Gaming As Parents

Or: Why Twitter Won Me Over When I Had a Newborn

Living in the Shadow of the Past

Seppo and I are, first and foremost, parents of two wonderful small children. Our lives are filled with joy and surprises. For instance, today, I got covered in about a pint of projectile vomit. That would go under surprises.

But back to the point: our lives are filled to capacity.

I used to have a lot of "me" time when we didn't have kids. We also had, as a couple, a lot of "us" time. We could have a long day at work but still enjoy a few hours to ourselves and decompress with video games, movies, and books. If we were feeling particularly ambitious, we'd go out to dinner and/or a late night coffee. We don't have these luxuries anymore, and I'd be 1) lying and 2) not human if I didn't miss them even a little bit. But it wasn't just the time, but the mental space to know I could do whatever I wanted to.

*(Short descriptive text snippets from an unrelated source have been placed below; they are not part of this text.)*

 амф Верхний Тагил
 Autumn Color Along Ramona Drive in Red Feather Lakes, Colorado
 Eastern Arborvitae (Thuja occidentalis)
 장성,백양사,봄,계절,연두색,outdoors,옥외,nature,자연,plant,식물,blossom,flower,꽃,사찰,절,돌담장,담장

We grew up loving games. But it seemed like parenting & gaming just didn’t mix. Who had hours & hours to learn new control schemes & mechanics and to build up your stats to something even remotely useful?

Sound familiar?

I wish I could just add hours to the day, but we haven't found a way to do that... yet! Despite this huge failing, we still have figured out how to connect and relax, just not in our old ways.

Back when I was at home on maternity leave with my first son, I was a fairly new iPhone user, and not a huge user of twitter and Facebook. But during my leave, I became a prolific, constant user, because when I was alone at home with the baby, rocking him for hours a day, I was still able to be with my friends and have conversations with them, keep up with their lives, get advice & support, and generally feel like I wasn't so alone. I didn't have time to blog anymore, something I used to do regularly before having children, but I had time to tap out a 140-character tweet. I could do this because I didn't need to book special time away from my baby but could do it while he was dozing in my arms.

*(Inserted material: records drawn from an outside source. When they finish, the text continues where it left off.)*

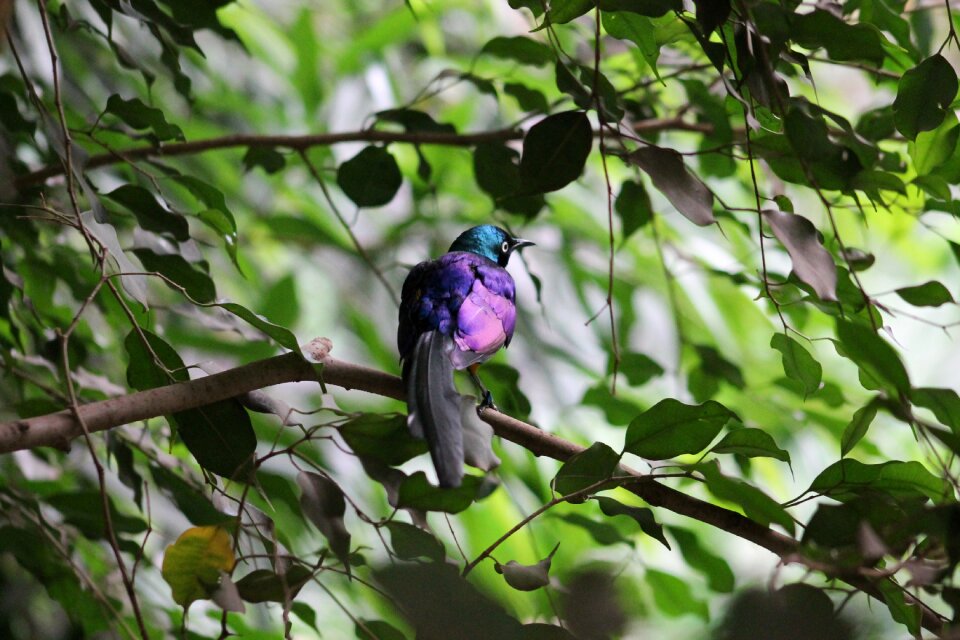 Dvur kralove nad labem colorful bird bird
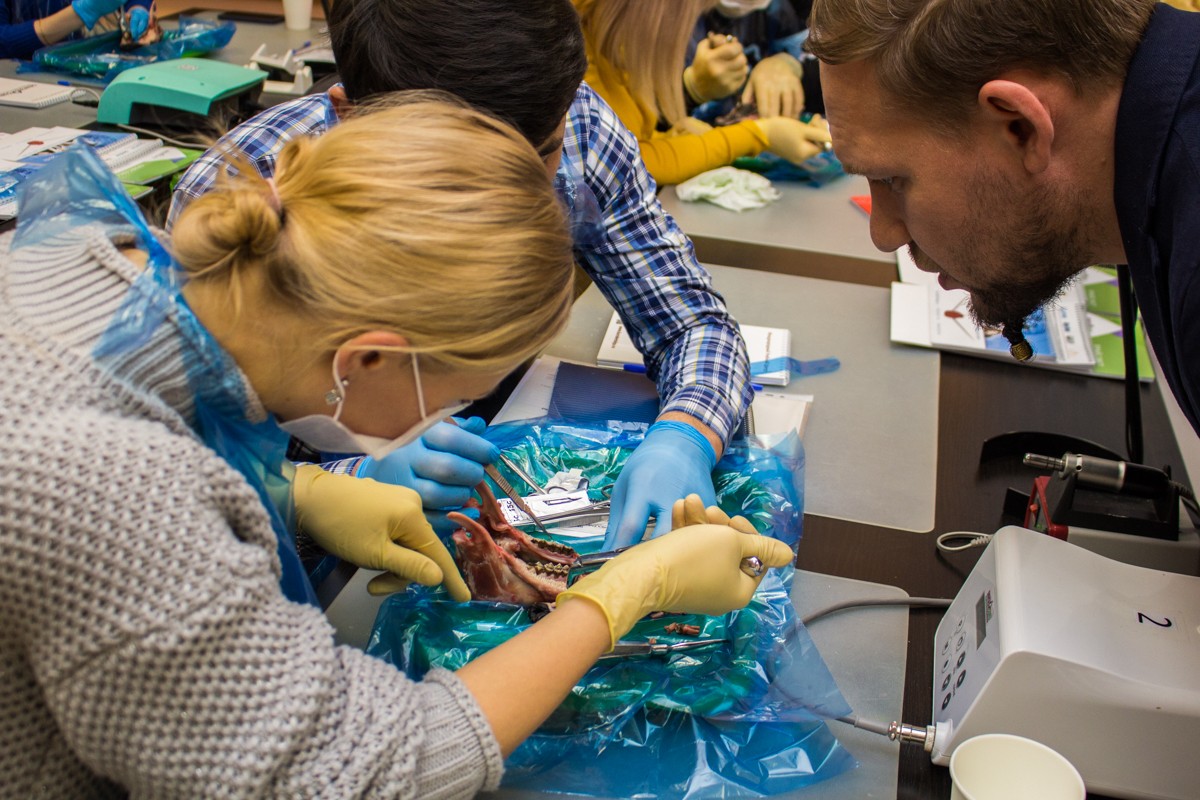 21 ноября 2019: курс Камиля Наильевича Хабиева «Атравматичное удаление зубов и методики наложения швов».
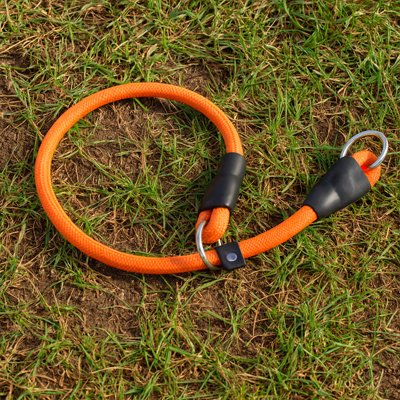 Collier pour chien corde orange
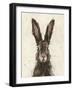 European Hare I-Ethan Harper-Framed Art Print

I wasn't alone. I was still connecting with my friends. This was a genuine lifeline I felt in my life at a time when I really needed it.

And now we play different kinds of games, mostly on our phones or tablets. Even if one of us is spending 1.5 hours in one of our kids' rooms, trying to put him to sleep, we can play a game together, taking turns in the dark. We can celebrate big blowouts and razor's-edge wins that we had during the day even when we were not in the same room. Internet victory dance!

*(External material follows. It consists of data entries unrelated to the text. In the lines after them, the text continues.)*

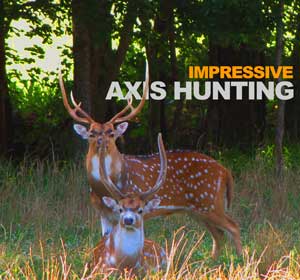 Axis Deer Hunting Tennessee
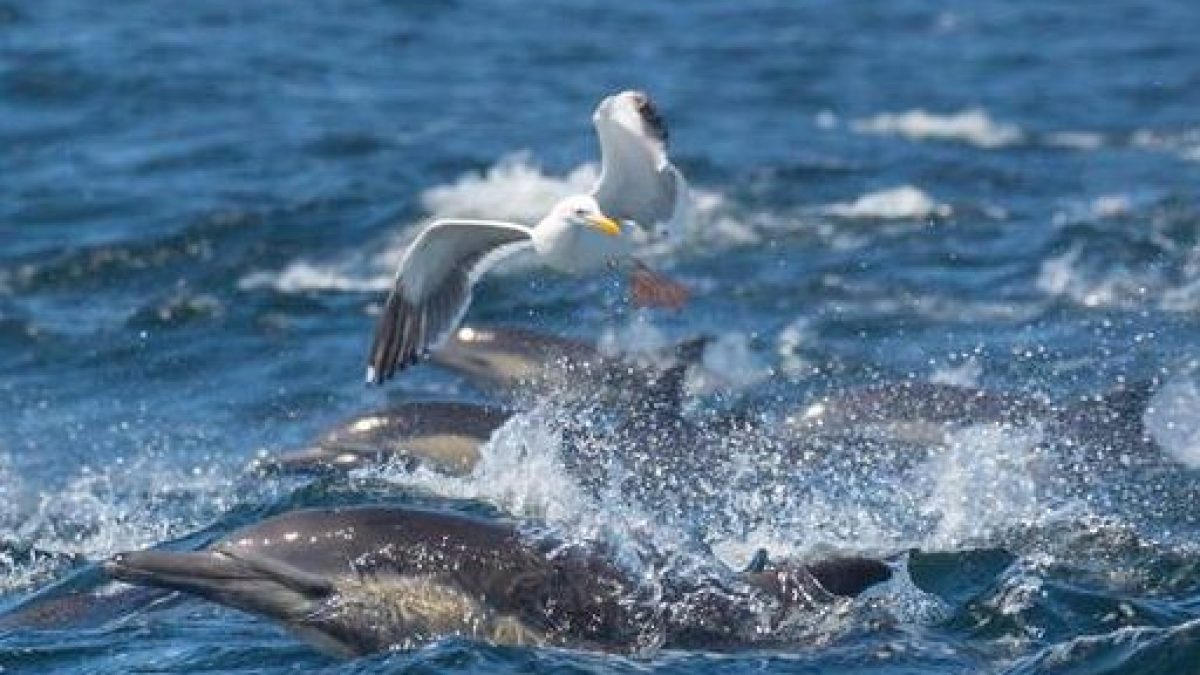 a bird swimming in water among dolphins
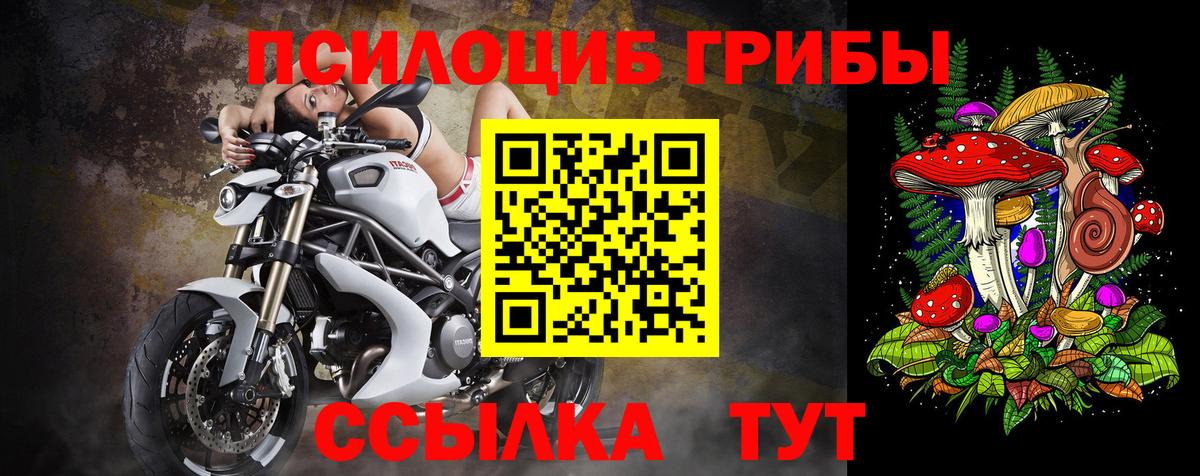 Миллерово  Псилоцибиновые грибы мицелий  Вход с VPN 
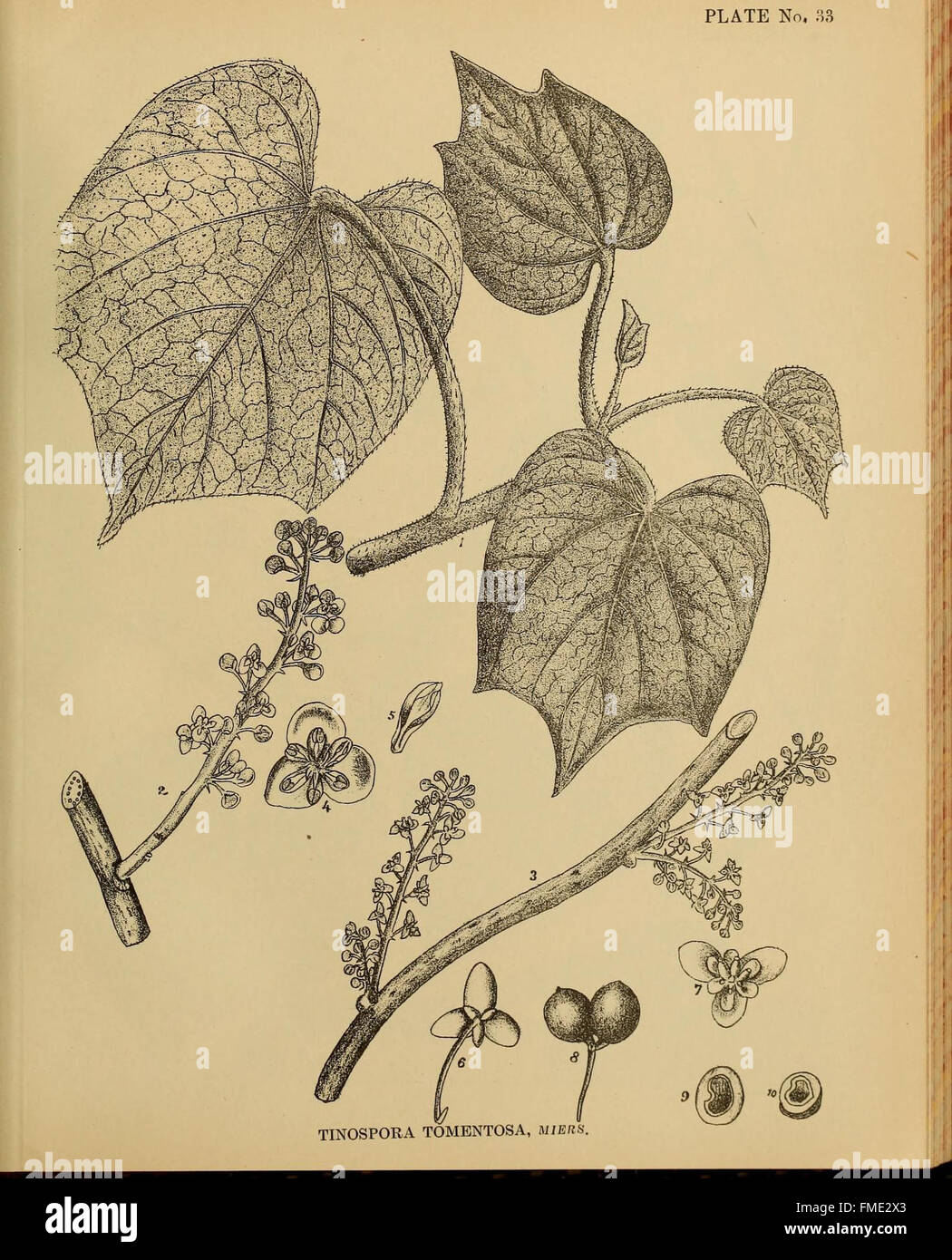 Indian medicinal plants (Plate 34 Stock Photo - Alamy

These are not complex, huge, world-building games. These aren't not fully-immersive, hours-long experiences. These games we play together now are more like twitter than blogging: short exchanges rather than lengthy alone time. What they let us do is replace the tiny, seemingly useless gaps in our time with fun: time that we'd have spent waiting in line, waiting for kids to fall asleep deeply enough for us to sneak out, waiting to pick up the car from the shop, time that always seemed too short for anything meaningful in the past.

Yet these small, mobile, connected games give Seppo and me a way to enjoy new shared experiences even when we can't be in the same room at the same time, even when we can't block out hours to go see a movie. There is a difference between just reviewing our days versus living our days together, a difference between sharing our thoughts and sharing our actions. On limited time, these games give us a much needed dose of fun -- together.

This is the kind of game we want to build: one that will fill the tiny gaps in your life with shared delight and new memories, one that you won't have to clear your schedule for.